Él solía ser poco efusivo voluntariamente cuando nos entregábamos al placer pero , poco a poco, repitiendo experiencias e introduciendo de nuevas, aprendí a sacarle de quicio, a que fuera mucho más exigente para satisfacerse conmigo y muy generoso para satisfacerme a su gusto que, por ser de él, también era el mío.
– Me vuelves loco –me dijo un día. Desde entonces supe que ya era todo mío cogido en mis placenteras garras y pude conseguir cuanto quise para el goce de los dos. Sin embargo, a pesar de este convencimiento, bien sabía yo que el camino a escoger era dejarme llevar por su voluntad de dominio que, por otra parte, tan bien se avenía a mi instinto sexual de dejarme dominar. Así lo hacíamos: me empujaba su polla en mi boca provocándome unas arcadas de las que jamás me pedía perdón y yo se le consentía; estrujaba mis pechos, me pellizcaba los mugrones hasta hacerme gritar por el dolor que me causaba y, inmediatamente, sin necesidad de forzarle, me los besaba y me los lamía; mis labios fueron fuente para humedecer los suyos; su lengua se satisfacía jugueteando con la mía; saboreábamos nuestras salivas cada vez más espesas; se abrazaba a mi cuerpo, unas veces acariciándome y, otras, golpeándome con cierto sadismo con el que complacía mi tendencia masoquista evidente.
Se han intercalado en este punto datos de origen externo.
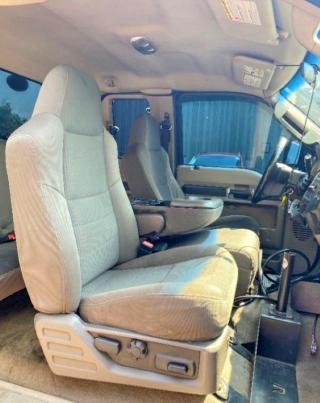 2009 Ford F350 მანქანა იყიდება აუქციონზე, vin: 1FDWX37R59EB26507, აუქციონის ნომერი: 62002016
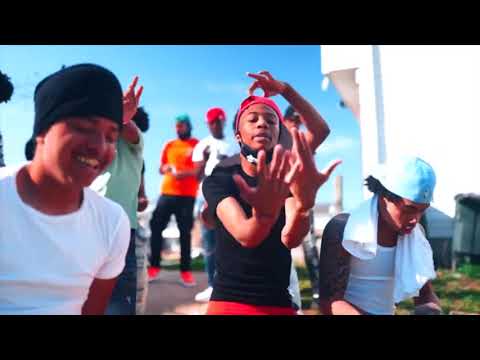 RennCFN - Different Flow (OnnaComeUp G-Mixx)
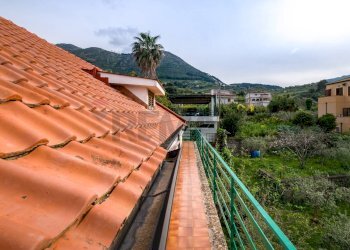 Balcone - Villa via palmitello, Carini - foto 56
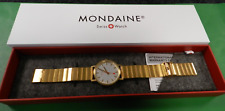 Mondaine herren uhr gebraucht kaufen  Duisburg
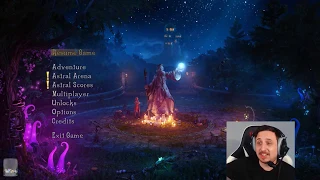 Nine Parchments -Friday Funday with Price, Rik and Jas [Nov 2nd 2019]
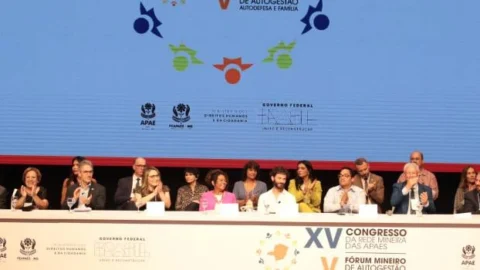 Governo anuncia repasse de R$ 45 milhões para as Apaes ainda em 2024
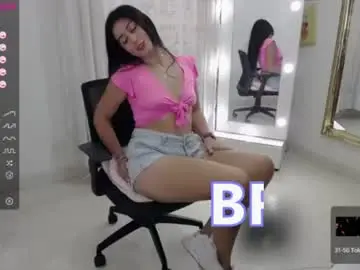Chaturbate Sex Chat of hotcandy87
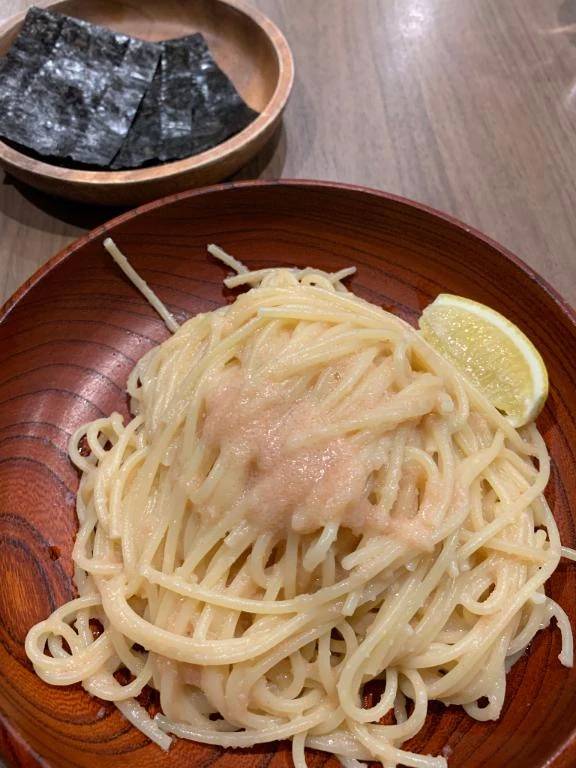 ランチ🍽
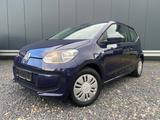 Volkswagen up! Move Up! /1 HAND /KLIMA/TÜV 04-2027/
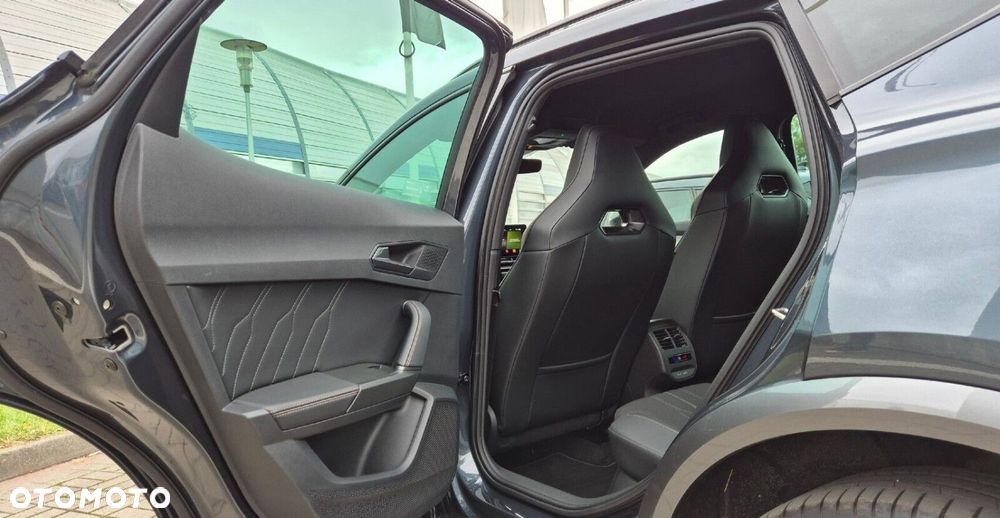 Cupra Formentor 2.0 TSI 4Drive DSG - 9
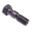 Banjo Bolt Double 3/8´-24 Anthracitealu Anthrazit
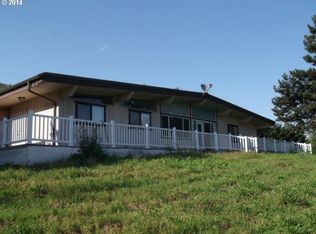 1307 Weaver Rd, Myrtle Creek, OR 97457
Así fue como llegó el día que me empujo sobre la cama, me obligó a acostarme bocarriba, puso mis piernas sobre sus hombros, se arrodillo a flor de mi culo, ensalivó lo que iba a ser, para mí y para él, mi coño y, sin más contemplaciones, hurgando su verga en mi ano… me folló.
De aquella primera penetración, conservo la brutalidad como la que sufren algunas mujeres al ser desvirgadas por algún macho encabritado: fue dolorosa, y sanguinolenta por el furor de sus acometidas y sin embargo, hoy, todavía siento el placer que me provocaba aquel sufrimiento por el que pude gozar de sus encantos y de sus atributos sexuales que me permitieron vivir la aventura de sentirme dominado, por fin, por aquel cuerpazo de tío que quiso que fuera suyo, mucho después que yo, a él, le había hecho mío ansiando que llegaría la conjunción de las estrellas que lo permitiera y lo hiciera realmente posible. como así fue.
De ahí en adelante, convenimos en mantener aquella doble vida. Nuestras actividades profesionales nos permitían aprovecharnos de los desplazamientos para encontrarnos en una casa de campo que pudimos alquilar para nuestro disfrute que, principalmente, no era otro que gozar del sexo sin reservas. Él no se daba cuenta, pero lo tenía bien cogido desde que conseguí que me masturbara, que me la chupara, que dejara que le follase, que me corriera en su culo, que me limpiara la polla y se tragara los restos de mi semen.